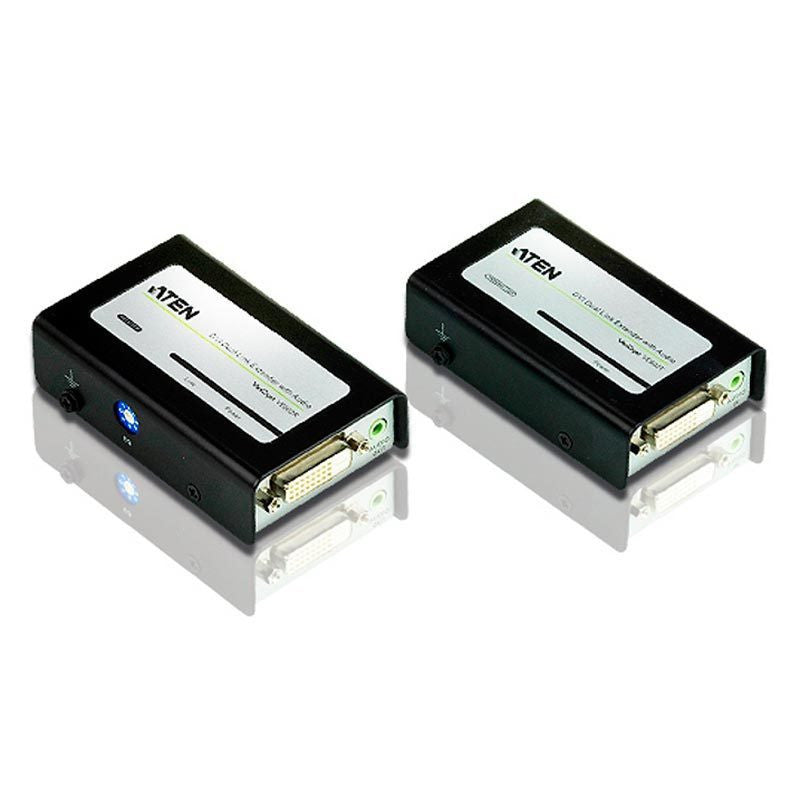 Aten VE602 DVI Dual Link Extender with Audio Support - 2560x1600@60Hz (40m), 1920x1200@60Hz (40m), 1024x768@60Hz (60m) - Ideal for Home Theater, Gaming, and Professional AV Setups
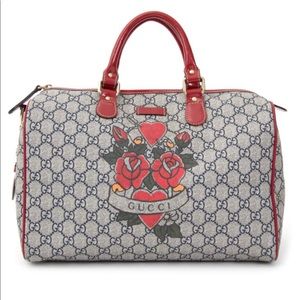 ✨AUTHENTIC✨ Grey/Red Gucci Boston bag
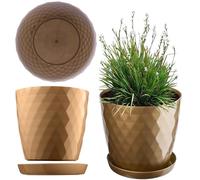 KADAX Maceta para Flores, Maceta con Base, Maceta de plástico para Interior, Macetero Redondo, Maceta Decorativa, Maceta Moderna Interior, 18 cm, Dorado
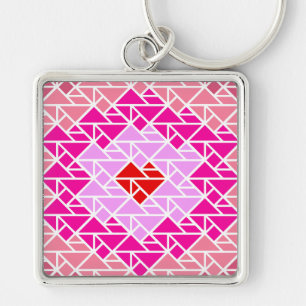 Hart tangrampatroon sleutelhanger
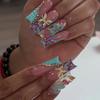 24Pcs Long Square Press On Nails Leopard Print French 3D Cherry Design False Nail Rhinestone Wearable Full Cover Fake Nails Tips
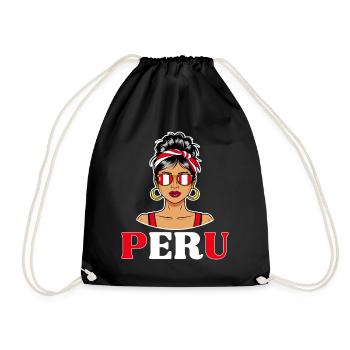 Drapeau Pérou Femme Péruvienne - Sac de sport léger - noir - Devant
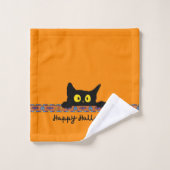 Chat noir d'Halloween (Gant de toilette)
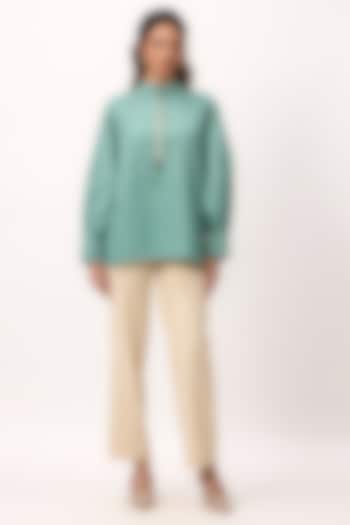 Warm Teal Organic Cotton Satin Hand Embroidered Shirt by Ruchi Marodia at Pernia's Pop Up Shop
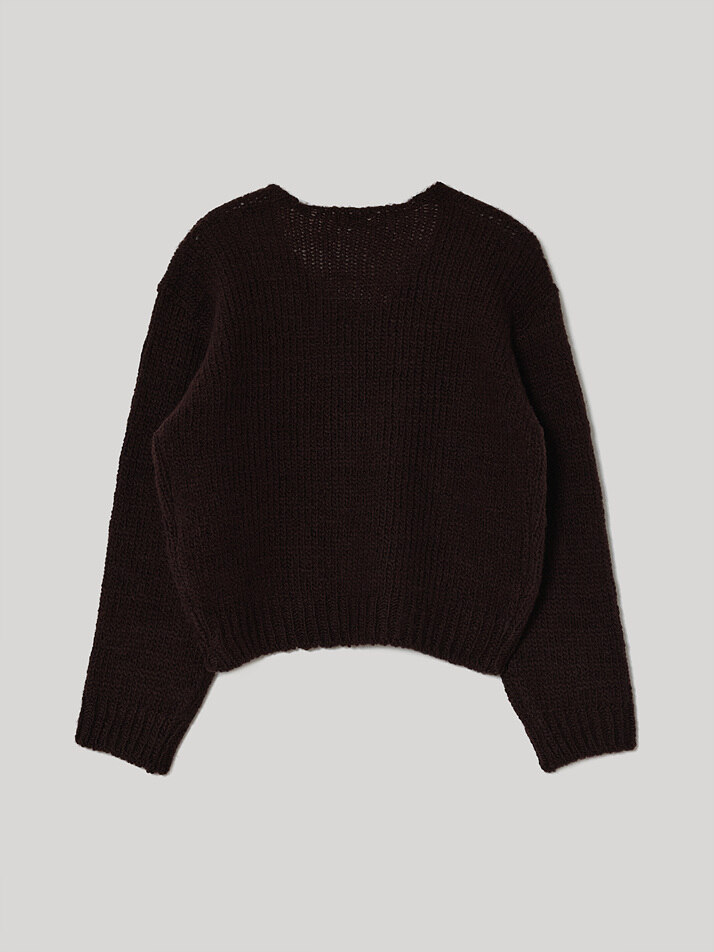 Chunky v-neck sweater (Brown)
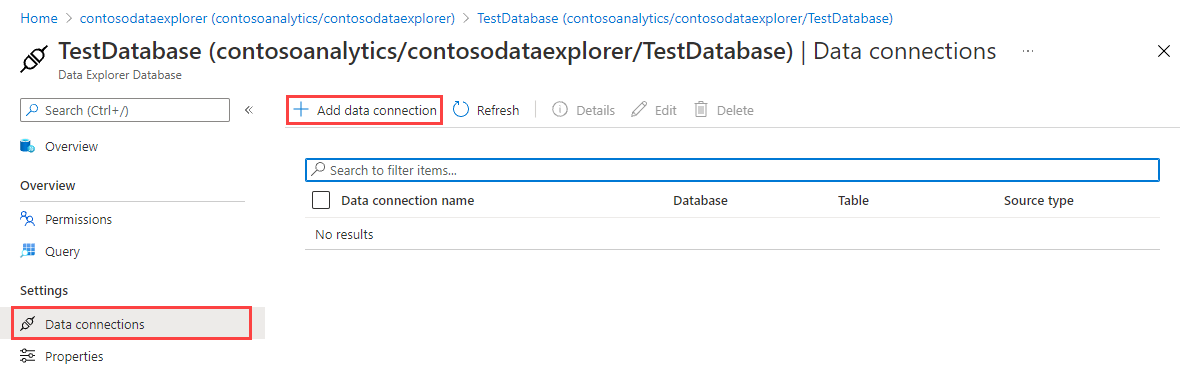 Select data ingestion and Add data connection.
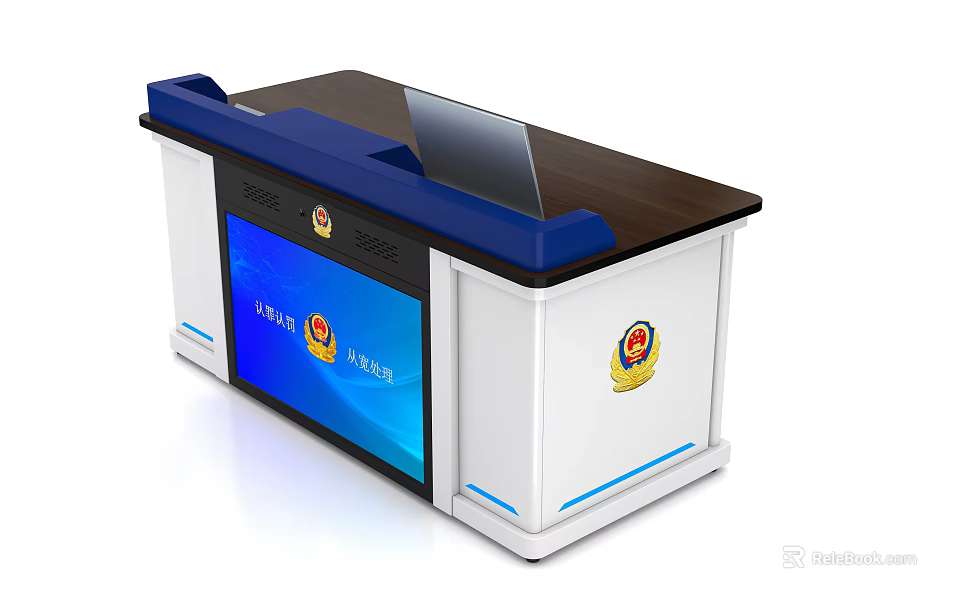 Functional Police Desk With Blue And White Design Screen And Badge 3d model 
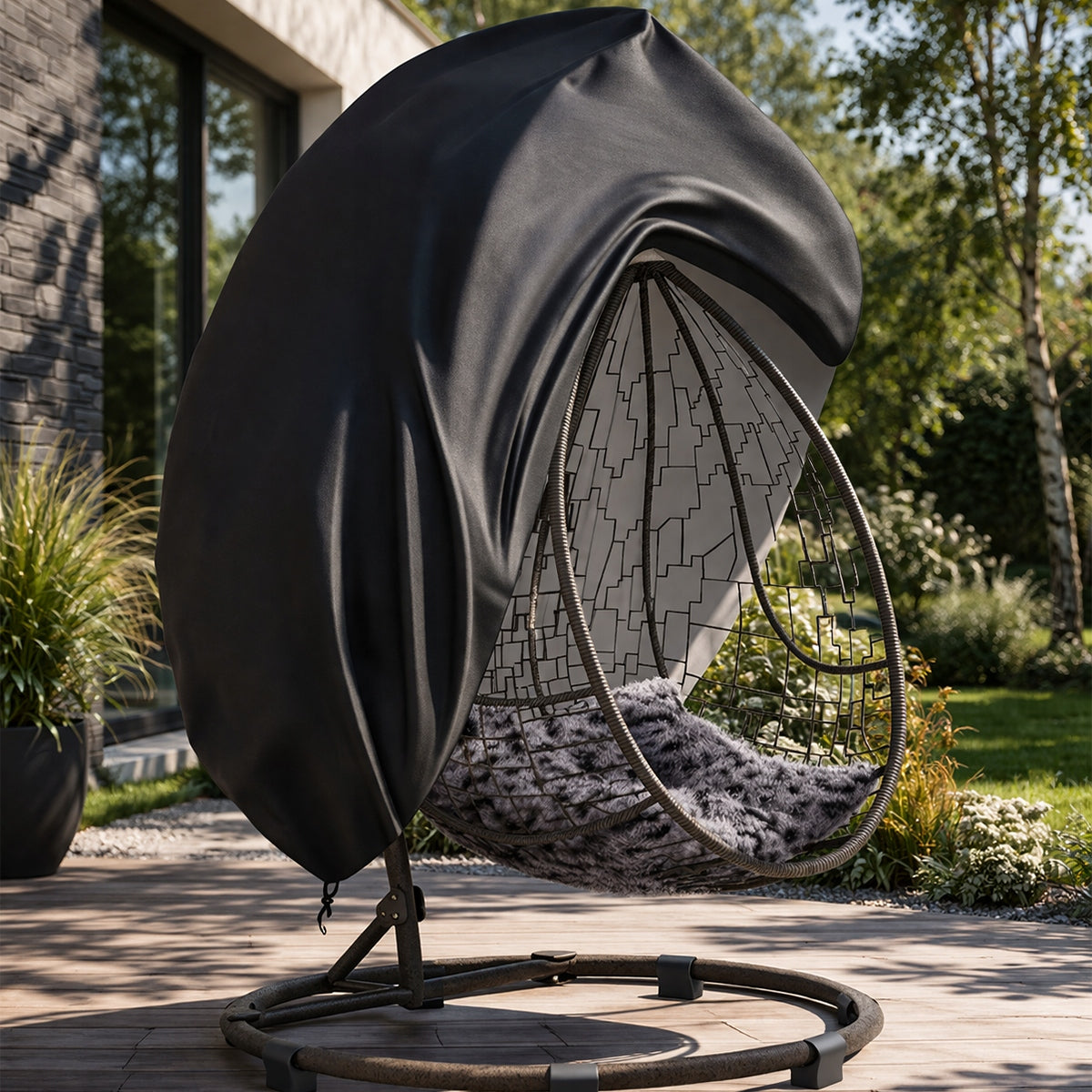 Garden Chair Cover Double Cocoon Hanging Pouch Waterproof Basket Packaging status original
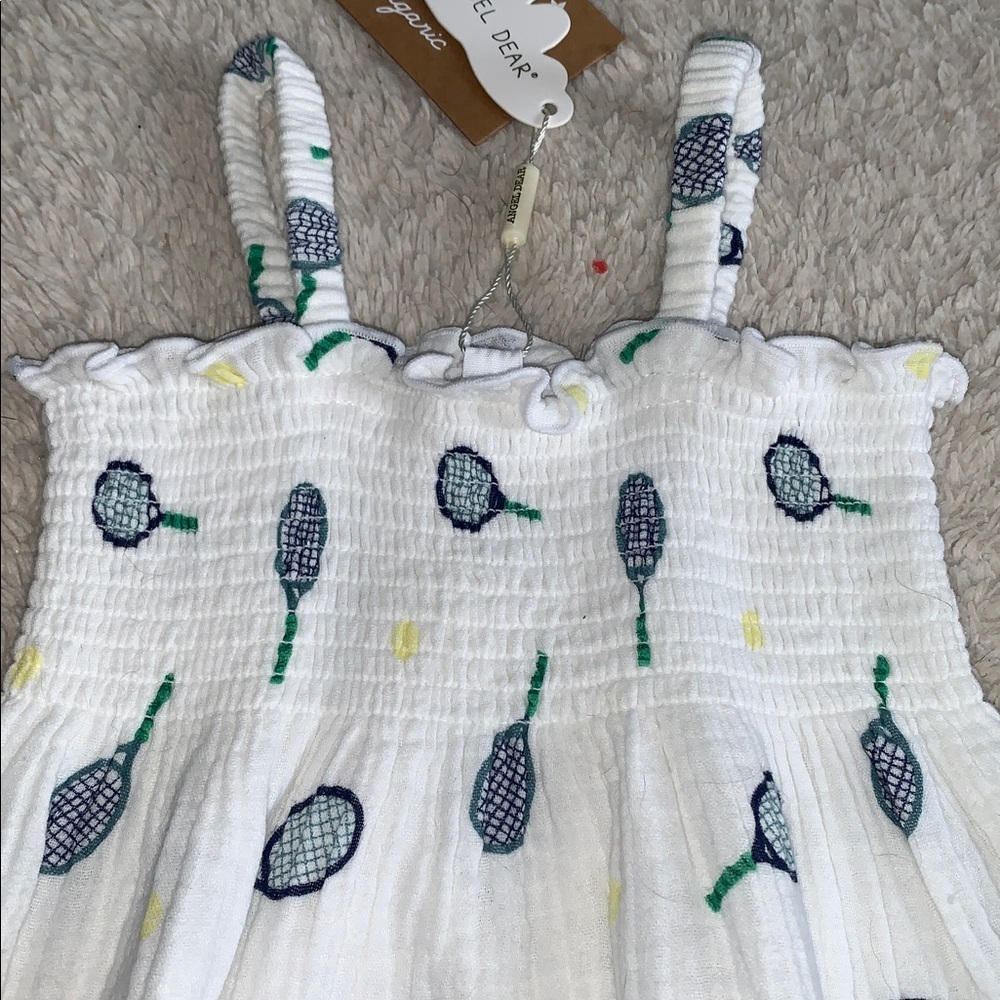 NWT Angel Dear Smocked Tennis Romper 18-24M White - Picture 2 of 9
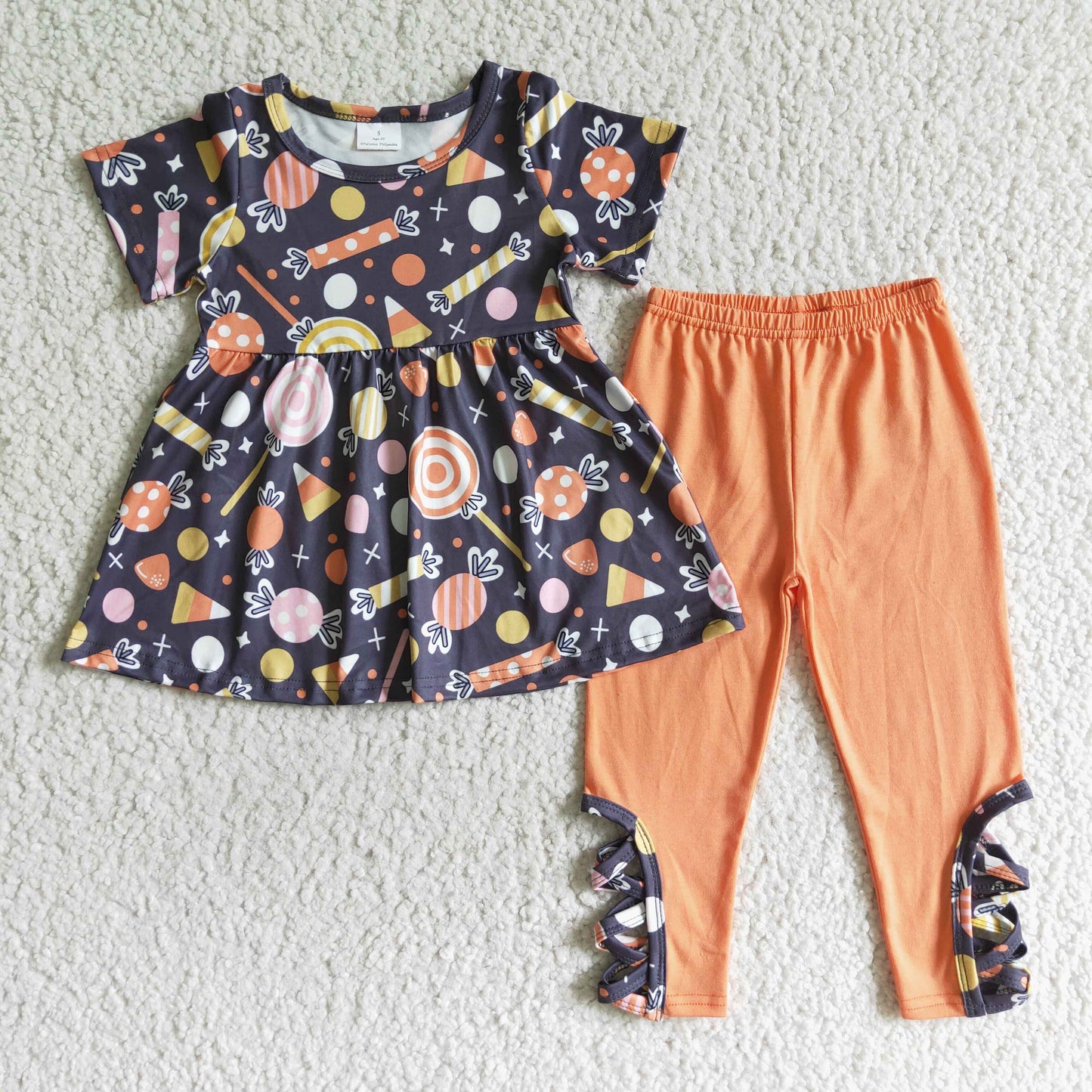 Candy print tunic criss cross leggings baby girls Halloween set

• _Prompt_: Word for word, return the material, omitting the pictures.

• _Written reply_:
 Aten VE602 DVI Dual Link Extender with Audio Support - 2560x1600@60Hz (40m), 1920x1200@60Hz (40m), 1024x768@60Hz (60m) - Ideal for Home Theater, Gaming, and Professional AV Setups
 ✨AUTHENTIC✨ Grey/Red Gucci Boston bag
 KADAX Maceta para Flores, Maceta con Base, Maceta de plástico para Interior, Macetero Redondo, Maceta Decorativa, Maceta Moderna Interior, 18 cm, Dorado
 Hart tangrampatroon sleutelhanger
 24Pcs Long Square Press On Nails Leopard Print French 3D Cherry Design False Nail Rhinestone Wearable Full Cover Fake Nails Tips
 Drapeau Pérou Femme Péruvienne - Sac de sport léger - noir - Devant
 Chat noir d'Halloween (Gant de toilette)
 Warm Teal Organic Cotton Satin Hand Embroidered Shirt by Ruchi Marodia at Pernia's Pop Up Shop
 Chunky v-neck sweater (Brown)
 Select data ingestion and Add data connection.
 Functional Police Desk With Blue And White Design Screen And Badge 3d model 
 Garden Chair Cover Double Cocoon Hanging Pouch Waterproof Basket Packaging status original
 NWT Angel Dear Smocked Tennis Romper 18-24M White - Picture 2 of 9
 Candy print tunic criss cross leggings baby girls Halloween set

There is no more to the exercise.